*** Opening of Data extract ***

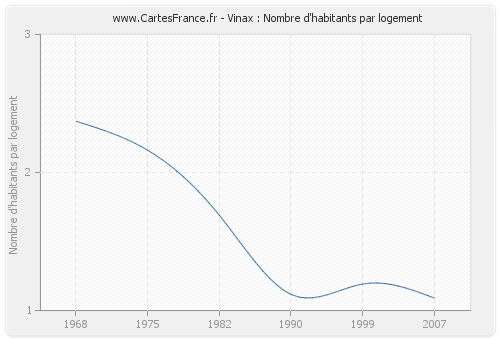 Vinax : Nombre d'habitants par logement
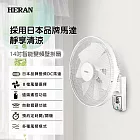 HERAN禾聯 14吋 微電腦遙控DC直流 壁掛扇 HLF-14CH730
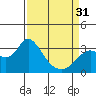 Tide chart for Collinsville, Sacramento River Delta, California on 2024/03/31
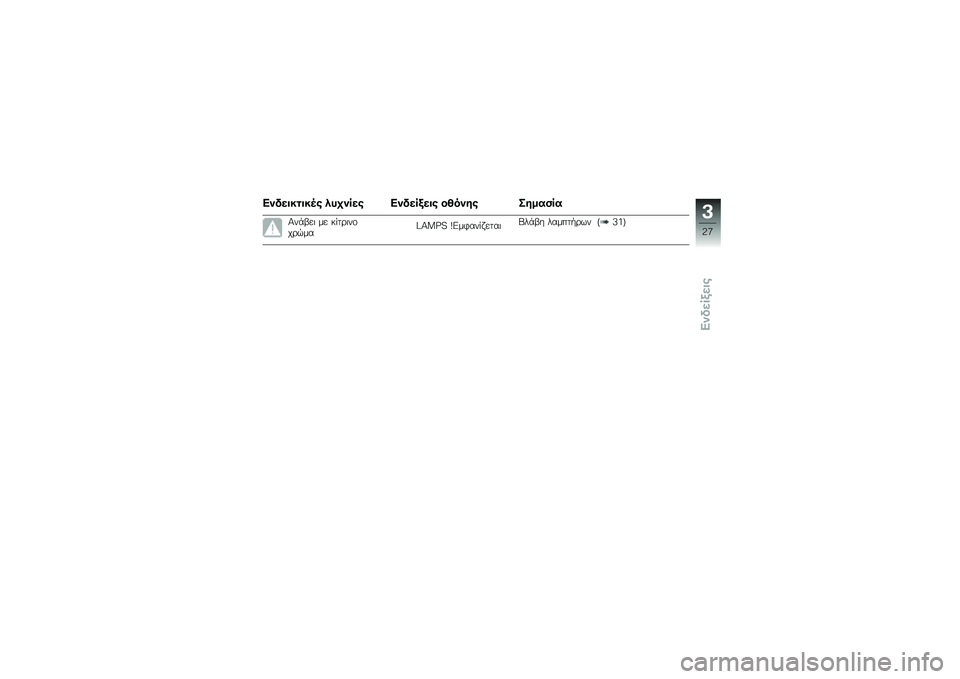 BMW MOTORRAD K 1300 R 2009  Εγχειρίδιο ιδιοκτήτη (in Greek) 
�
�1��
�������( �&�,�\f�1��
�( �
�1��
��=�
��( ��O�+�1��( �"��$�#�%��#
���/�< 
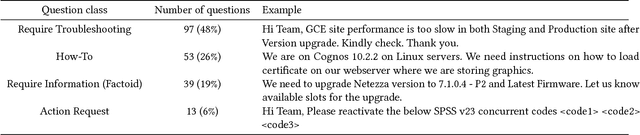 Figure 1 for Mining Procedures from Technical Support Documents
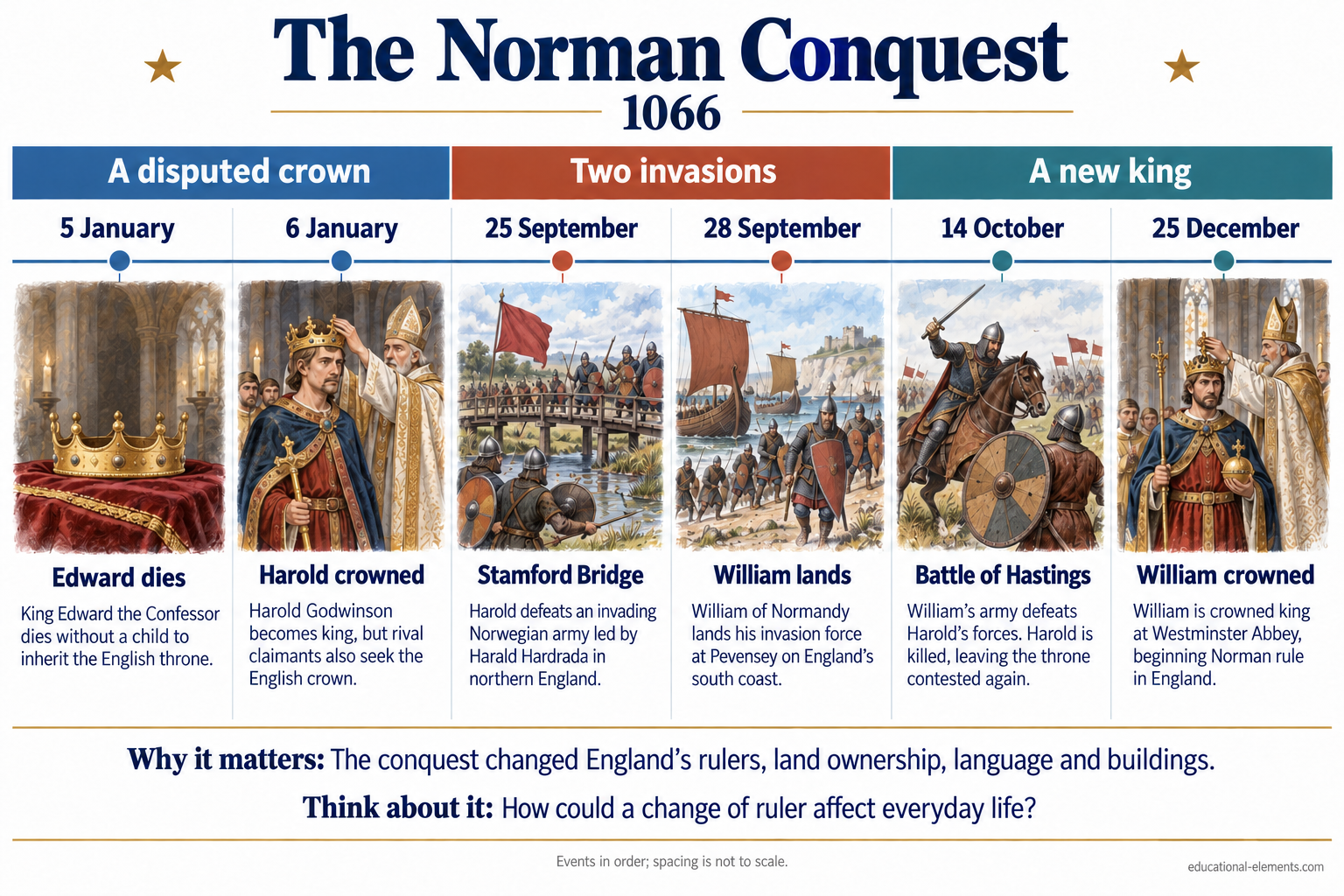 Preview of Historical Event Timelines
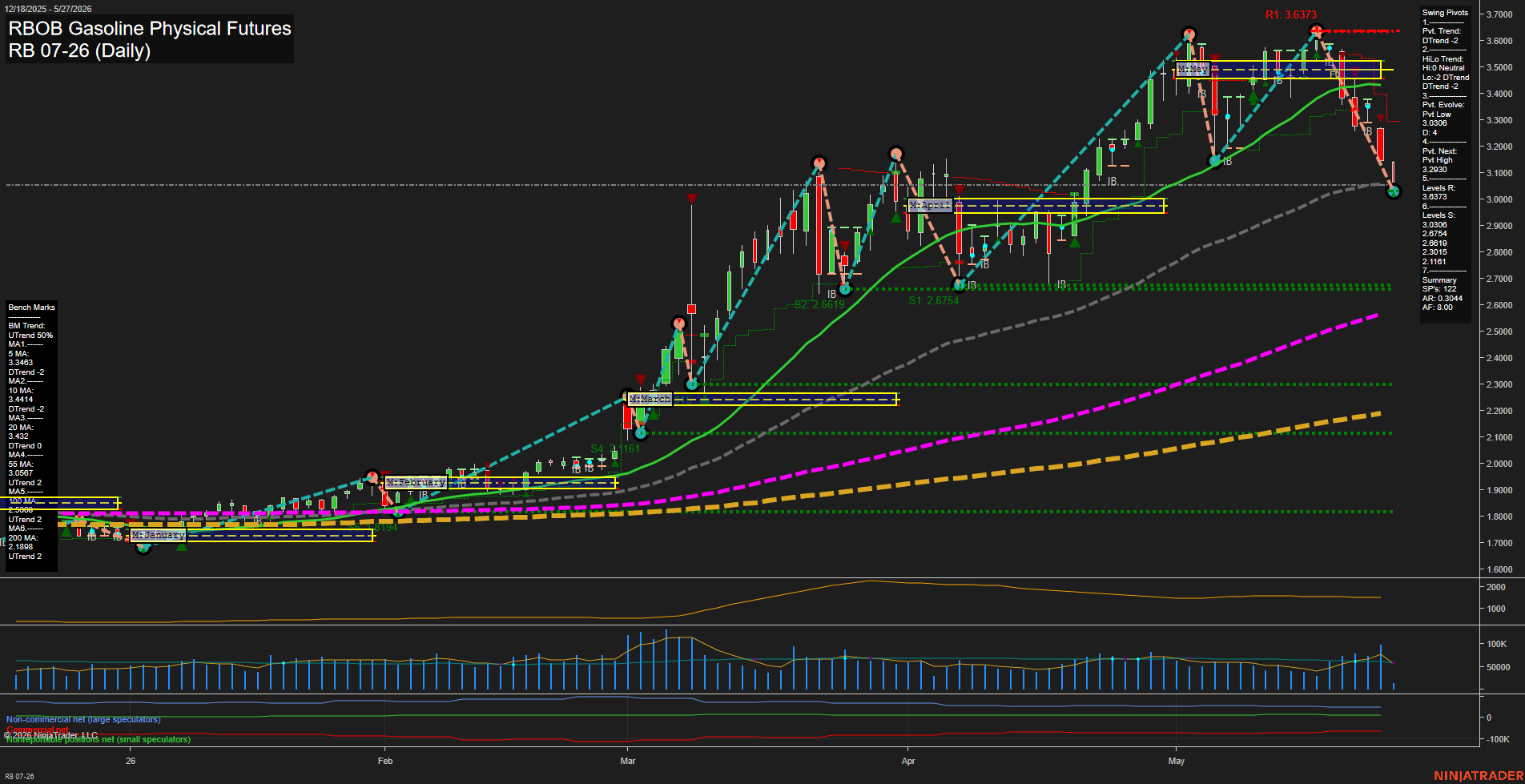 RB RBOB Gasoline Physical Futures Daily Chart Analysis: 2026-May-27 07:05 CT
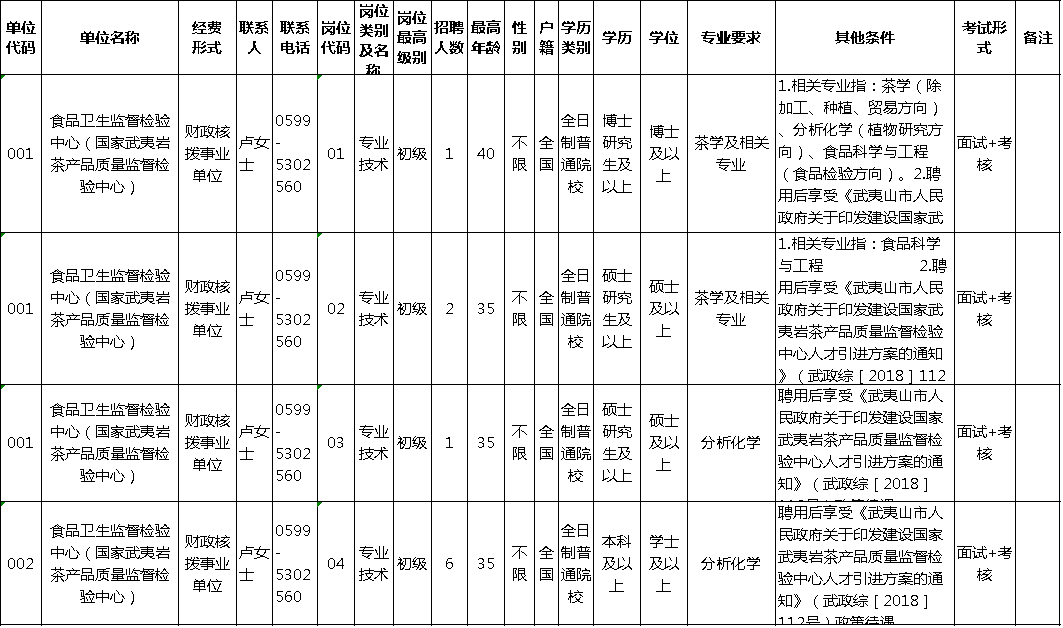 11月2日南平最新招聘動(dòng)態(tài)與求職指南，全面解析最新招聘消息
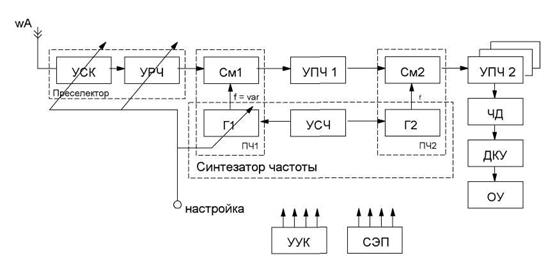 Выбор структурной и обоснование функциональной схемы приемного устройства - student2.ru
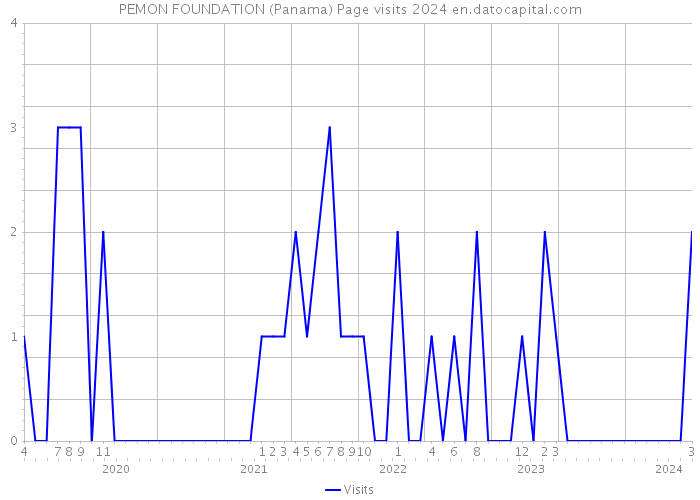 PEMON FOUNDATION (Panama) Page visits 2024 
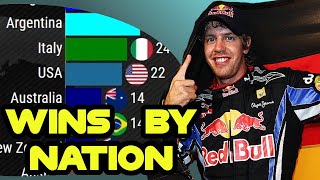 Which Country Is Most Successful In Formula 1? All Time Wins Ranking By Nation 1950-2021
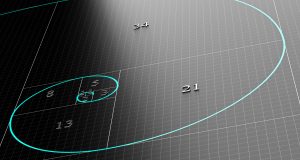 Fibonacci Spiral or Sequence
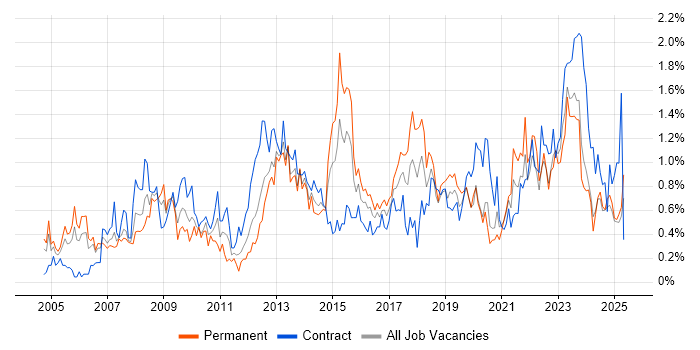 Job vacancy trend for Budget Management in Wales Job vacancy trend for Budget Management in Wales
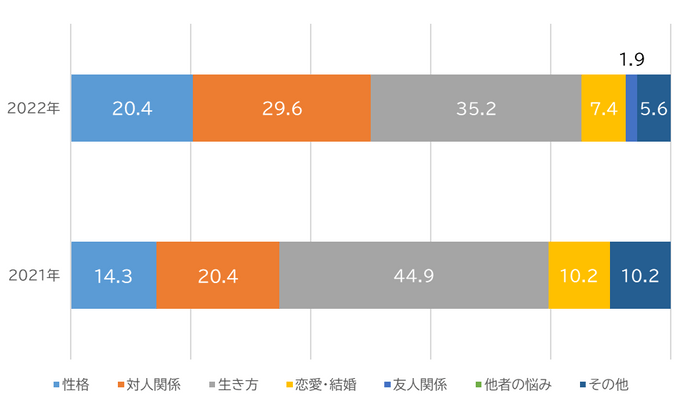 「自分自身に関する悩み」項目別相談比率(単位：％)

*** Close of Data extract ***

▸ **Work required**: In the data above, find the line with "HERAN禾聯 14吋 微電腦遙控DC直流 壁掛扇 HLF-14CH730" and the line with "Preview of Historical Event Timelines". Please copy exactly those two lines and every line between them, but not the pictures.

▸ **Expected answer**:
 HERAN禾聯 14吋 微電腦遙控DC直流 壁掛扇 HLF-14CH730
 Tide chart for Collinsville, Sacramento River Delta, California on 2024/03/31
 BMW MOTORRAD K 1300 R 2009  Εγχειρίδιο ιδιοκτήτη (in Greek) 
�
�1��
�������( �&�,�\f�1��
�( �
�1��
��=�
��( ��O�+�1��( �"��$�#�%��#
���/�< 
 Figure 1 for Mining Procedures from Technical Support Documents
 Preview of Historical Event Timelines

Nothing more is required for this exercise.